Kurz vor ihrem 95. Geburtstag ist Ortrun Scheumann gestorben. In Würzburg ist sie vor allem bekannt als Autorin der 2015 erschienenen Stadtarchiv-Publikation „Geliebte Feinde“. Darin beschrieb sie auf der Basis ihrer Tagebücher, wie sie als unangepasstes Mädchen, das die Nazis verachtete, den Zweiten Weltkrieg in Würzburg erlebte.
Bis kurz vor ihrem Tod gab Ortrun Scheumann, die seit 1957 in Bad Dürkheim lebte, die englischsprachige Zeitschrift „The Beacon“ und andere fremdsprachliche Monatsmagazine für Gymnasiasten heraus.
Ortrun Scheumann, die damals noch Ortrun Koerber hieß, hatte neun Jahre in Japan verbracht, als sie 14-jährig im April 1939 mit Vater, Mutter und zwei Schwestern nach Würzburg kam. Ihr Vater Josef Koerber, der in Japan an einer Universität Deutsch unterrichtet hatte, wurde Studienrat an der Oberrealschule, dem heutigen Röntgen-Gymnasium. Ortrun besucht die Mozartschule, wo sie 1944 das Abitur ablegte.

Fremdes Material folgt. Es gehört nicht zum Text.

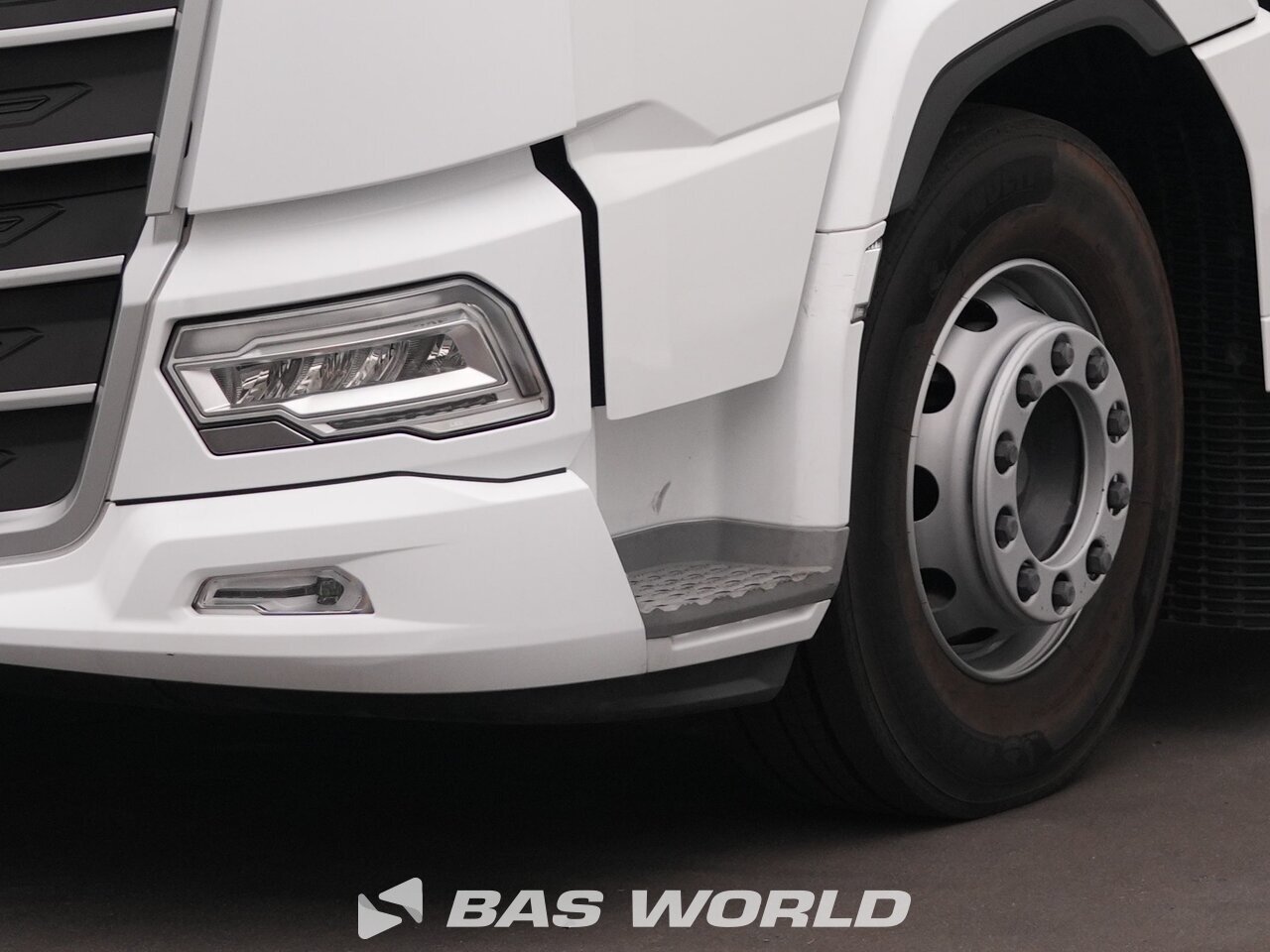 Other : DAF XG 480 tegljač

Abenteuerlustige und weltoffene Familie
Bei der Ankunft in Würzburg hatte Ortrun Koerber keinerlei Erfahrungen mit den Nationalsozialisten. Wie ein Wesen von einem fremden Stern sollte sie in einem unbekannten Land mit einer totalitären Ideologie Wurzeln schlagen. Die in Deutschland grassierende Fremdenfeindschaft kam ihr absurd vor; mit ihrer abenteuerlustigen und weltoffenen Familie hatte sie Russland, China, die USA und viele andere Länder bereist. Sie hatte amerikanische, englische und russische Freunde, liebte die Musik des aus Polen stammenden Frédéric Chopin und schrieb Gedichte in englischer Sprache.
Dieses Mädchen wurde nun in das enge Korsett des Bunds Deutscher Mädel (BDM) gepresst und sollte zu einem willfährigen Rädchen im System der NS-Diktatur werden. Sie und ihre ganze Familie verweigerten sich, was nicht ungefährlich war. Die Koerbers gerieten ins Visier der Gestapo, die Mutter Louise versteckte die Tagebücher ihrer Tochter, in denen diese zum Beispiel die Vermutung niedergeschrieben hatte, die aus Würzburg deportierten Juden würden im Osten ermordet.
Deutschunterricht für GIs
Ab Mai 1944 arbeitete Ortrun zwangsweise in der Granatenproduktion beim Druckmaschinenhersteller Koenig & Bauer; dort lernte sie den italienischen Kriegsgefangenen Carlo kennen, in den sie sich verliebte. Als der Vater im Januar 1945 mit dem „Volkssturm“ an die Ostfront ausrücken musste, wurde Carlo zum Beschützer der Familie. Gemeinsam erlebten sie Bombardierung Würzburgs am 16. März 1945 in einer Hütte am Dallenberg.
Ortrun Koerber unterrichtete nach Kriegsende an einer amerikanischen High School Deutsch für GIs. Danach begann sie ein Musikstudium und lernte ihren 1999 verstorbenen Mann Günther Scheumann, einen Musiker, kennen. Nachdem die Amerikaner die Wohnung der Koerbers im Frauenland 1947 beschlagnahmten, lebte die Familie bis 1957 in Rimpar.
Gründung der Zeitschrift "The Beacon"
Ortrun Scheumanns Vater lehrte zeitweise an der Würzburger Lehrerbildungsanstalt am Wittelsbacherplatz; er gründete die Zeitschrift „The Beacon“, die seine Tochter nach dessen Tod fortführte.
Ortrun Scheumann blieb bis zu ihrem Tod eine unangepasste Frau; anlässlich der Veröffentlichung ihrer Tagebücher erklärte sie im Jahr 2015 ihre Einstellung zu Autoritäten, die sich seit dem Dritten Reich nicht geändert hatte: „Man hält sich doch an das, was man für richtig hält und nicht an jedes Gesetz, das man vorgesetzt kriegt.“ Ortrun Scheumann hinterlässt die elf Jahre jüngere Schwester Ingrid, die im US-Bundesstaat New York lebt.